Subsequently, the ZKP is verified by Union light clients on the destination chain, allowing the chain to have knowledge of both the source chain and Union’s state. Upon verification of the ZKP, the user’s original action on the source chain can be executed on the destination chain.  

Union’s modularity allows it to be easily integrated into existing chains. With previous IBC implementations, a chain would need to hard fork and upgrade entirely to support the IBC module. However, Union has effectively virtualized the full IBC stack, allowing it to be extended to new chains simply through smart contract deployments. Because of the data-light and cost-efficient architecture of CometBLS and Galois’s ZKPs, Union can theoretically support interoperability across thousands of unique chains and runtimes before experiencing scaling constraints.

With regards to latency, Union does not need to wait for a hardcoded number of confirmations before filling a transfer. Instead, as light-clients are used to deliver chain state to Union, Union’s validators can receive the information on a source chains’ state at the moment it has been finalized. With this, Union must only wait for the minimum number of block confirmations necessary to reach finality on the source chain before initializing the transfer workflow, which eliminates the need to wait for an arbitrary number of blocks to pass and overshooting on latency. Additionally, with support for intents (discussed below), users can have access to fast fills provided by solvers that bypass the latency of Union consensus and verification.

Intents

While most crosschain actions may be filled by the Union protocol minting assets on the destination chain through IBC, the protocol supports filling through 3rd party solvers, as well. With intents, solvers can front users capital to provide a fill directly from the solver’s balance sheet. Intents allow users to receive funds at speeds faster than source chain finality, while the solvers that fill them assume finality risk.

Source: Union

Union has partnered with Aori to route intent-based order flow to Aori’s network of solvers. With intent-based orders, users can receive funds on the desired destination chain with less than 1 second latency. Solvers providing fills on Union’s intent-based order flow await completion of Union’s consensus verification flow before receiving a refund on their fill. 

Union recently launched its second public testnet in February, which processed 56M transfers in 2 months. This testnet rolled out gas optimizations to EVM contracts, support for intent settlement, improvements to Galois’ proving latency, and support for Move VMs. Union has launched its developer-only alpha mainnet, with public mainnet expected to launch within the next few months.

Conclusion

Union’s improvements upon Tendermint consensus through CometBLS, coupled with ZK proving through Galois, allow for a broadly scalable, cost efficient, and low latency IBC implementation that is feasibly scalable across every existing blockchain, virtual machine and runtime. Entry is permissionless across relaying through Voyager, proving through Galois, and validating on the Union chain, so that all aspects of Union’s workflow can remain competitive, and no single entity has permissioned or administrative authority. Union’s implementation offers modular crosschain interoperability without the need for trusted intermediaries.  

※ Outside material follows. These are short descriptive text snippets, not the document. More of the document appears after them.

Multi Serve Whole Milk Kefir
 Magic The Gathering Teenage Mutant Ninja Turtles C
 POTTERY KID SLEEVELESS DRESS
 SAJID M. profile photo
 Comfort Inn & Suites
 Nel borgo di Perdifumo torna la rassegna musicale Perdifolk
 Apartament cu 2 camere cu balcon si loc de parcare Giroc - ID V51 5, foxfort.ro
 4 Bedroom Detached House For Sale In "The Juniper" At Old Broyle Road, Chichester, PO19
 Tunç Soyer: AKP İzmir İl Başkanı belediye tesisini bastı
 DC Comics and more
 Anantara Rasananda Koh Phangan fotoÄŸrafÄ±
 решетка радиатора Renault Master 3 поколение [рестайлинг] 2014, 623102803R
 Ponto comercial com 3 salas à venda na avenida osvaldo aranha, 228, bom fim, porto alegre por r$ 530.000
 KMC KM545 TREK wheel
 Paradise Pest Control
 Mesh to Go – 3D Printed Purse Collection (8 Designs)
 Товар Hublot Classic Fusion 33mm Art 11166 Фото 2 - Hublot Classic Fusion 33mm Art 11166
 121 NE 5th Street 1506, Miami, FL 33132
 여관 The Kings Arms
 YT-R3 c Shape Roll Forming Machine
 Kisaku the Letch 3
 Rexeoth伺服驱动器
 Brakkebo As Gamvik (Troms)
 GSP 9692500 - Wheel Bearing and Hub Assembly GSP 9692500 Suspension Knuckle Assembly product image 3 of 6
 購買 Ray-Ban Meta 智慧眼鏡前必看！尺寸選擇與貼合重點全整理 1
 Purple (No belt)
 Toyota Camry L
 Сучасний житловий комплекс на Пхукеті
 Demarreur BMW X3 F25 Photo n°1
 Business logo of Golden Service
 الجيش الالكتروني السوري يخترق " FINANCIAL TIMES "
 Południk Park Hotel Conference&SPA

This research report has been funded by Union.fi Labs. By providing this disclosure, we aim to ensure that the research reported in this document is conducted with objectivity and transparency.  Blockworks Research makes the following disclosures: 1) Research Funding: The research reported in this document has been funded by Union.fi Labs. The sponsor may have input on the content of the report, but Blockworks Research maintains editorial control over the final report to retain data accuracy and objectivity. All published reports by Blockworks Research are reviewed by internal independent parties to prevent bias. 2) Researchers submit financial conflict of interest (FCOI) disclosures on a monthly basis that are reviewed by appropriate internal parties. Readers are advised to conduct their own independent research and seek the advice of a qualified financial advisor before making any investment decisions.